We know you’re tired of it. Bwog’s been a bit busy laying out the November issue, but we promise we’ll get more non-striker coverage up soon. Meanwhile, some noteworthy news bites, next to the Octopus that Ate Affordable Housing:


octopus1. Take Back the Night
has issued a statement in support of the strike. Interesting, considering they declined to participate in the Columbia Coalition speakout on Ahmadinejad Day, saying they were a “non-political” organization.

2. The Center for the Study of Ethnicity and Race–one of the strike’s potential beneficiaries–has also issued a statement of support, arguing that “internal conflict at Columbia exhibits deeper tensions in the U.S. body politic and its education system.”

3. Aretha Choi wants “the adminstration to know that 4 days was obviously too long of a time for me to wait while they are on their little vacations to Cape Cod or wherever they go to escape their responsibilties.” Also that a CAVA member mocked her and the hunger strike as she was taken to the ER, and that “the students who care enough about Columbia University to want to change enough to starve and to hurt for it, will remain strong.”

4. In an e-mail sent to 33 listservs asking clubs to help with outreach, a strike organizer enumerated the hardships the strikers have so far endured. “But as Bryan has said, we cannot confuse those who are simply weak-willed and prejudiced, with those who we can potentially reach and educate about our demands,” she wrote. 

Is it just us, or is Mr. Mercer turning into something of a prophet?

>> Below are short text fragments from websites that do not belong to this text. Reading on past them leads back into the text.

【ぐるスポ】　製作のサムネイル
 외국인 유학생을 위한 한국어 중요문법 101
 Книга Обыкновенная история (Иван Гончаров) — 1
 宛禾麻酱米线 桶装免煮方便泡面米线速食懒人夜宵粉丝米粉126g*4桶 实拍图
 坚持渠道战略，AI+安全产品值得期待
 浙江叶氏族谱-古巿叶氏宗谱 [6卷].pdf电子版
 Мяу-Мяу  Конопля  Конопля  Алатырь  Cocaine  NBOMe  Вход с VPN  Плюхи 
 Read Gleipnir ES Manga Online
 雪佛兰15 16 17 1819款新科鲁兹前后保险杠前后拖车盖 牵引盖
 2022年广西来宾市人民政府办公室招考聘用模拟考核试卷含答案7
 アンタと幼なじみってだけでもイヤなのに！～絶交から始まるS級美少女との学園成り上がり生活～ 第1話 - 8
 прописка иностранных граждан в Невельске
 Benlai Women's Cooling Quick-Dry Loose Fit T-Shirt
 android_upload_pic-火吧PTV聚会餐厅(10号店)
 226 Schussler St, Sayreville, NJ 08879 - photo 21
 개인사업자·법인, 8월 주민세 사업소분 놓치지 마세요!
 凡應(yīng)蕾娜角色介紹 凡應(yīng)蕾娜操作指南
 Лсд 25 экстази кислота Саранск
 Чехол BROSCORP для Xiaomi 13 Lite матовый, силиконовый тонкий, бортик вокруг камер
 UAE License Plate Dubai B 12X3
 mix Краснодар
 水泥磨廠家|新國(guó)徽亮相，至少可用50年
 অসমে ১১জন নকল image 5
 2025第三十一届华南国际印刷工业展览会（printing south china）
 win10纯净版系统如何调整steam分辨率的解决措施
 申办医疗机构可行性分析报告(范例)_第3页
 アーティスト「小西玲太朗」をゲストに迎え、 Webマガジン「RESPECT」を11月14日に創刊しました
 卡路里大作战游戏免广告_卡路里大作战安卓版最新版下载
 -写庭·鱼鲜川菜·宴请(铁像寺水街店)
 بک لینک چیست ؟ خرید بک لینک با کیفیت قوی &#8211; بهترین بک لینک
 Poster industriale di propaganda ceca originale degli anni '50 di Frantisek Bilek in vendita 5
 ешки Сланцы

UPDATE, Monday, 9:30 AM: At the abovementioned strike organizer’s request, the full paragraph from which the quote was taken has been posted after the jump.

THE E-MAIL 

“That said…those who stand against us think that they can dampen our spirits by beating us down.  We are getting attacked by bad press (and lacking press as well), drunk passerbys knocking stuff over at our tent sites, hecklers shouting egregious things like “mmm I want a nice juicy burger right now”, Columbia administration officials giving negotiators blank stares at a meeting when we reported Aretha’s rushing to St. Luke’s Hospital because of low blood sugar, and perhaps the biggest blow to our our faith in our peers, and a terrible thing to see from our fellow students; anti-strikers websites that have propped up and counter-rallies with racist, homophobic, and xenophobic rhetoric being held right by our tents in public.  But as Bryan has said, we cannot confuse those who are simply weak-willed and prejudiced, with those who we can potentially reach and educate about our demands.  That said, we ABSOLUTELY NEED folks to help us do outreach… there’s a lot of misconceptions floating out there right now about what our demands are, and we need to address them.  And just to reiterate, our demands are rooted in a campus in which 1) our core education reinforces the norms of a system that marginalizes people of color, people of faith, queer folks and other groups; 2) Ethnic Studies programs in which we learn about the histories of our own communities (most of which was founded after the 1996 hunger strike led by Latino, Asian American, Black, and American students for Ethnic studies)  are under-resourced and swept aside by this university; 3) the administrative organization of our university right now does not allow adequate/ prompt responses to hate crimes, such as t he noose that was hung on a black professor’s door at TC; 4) an official expansion / eviction plan that will displace 5000 residents of West Harlem and will be voted on early December, a plan that bulldozes entire communities in Harlem and uproots real people.”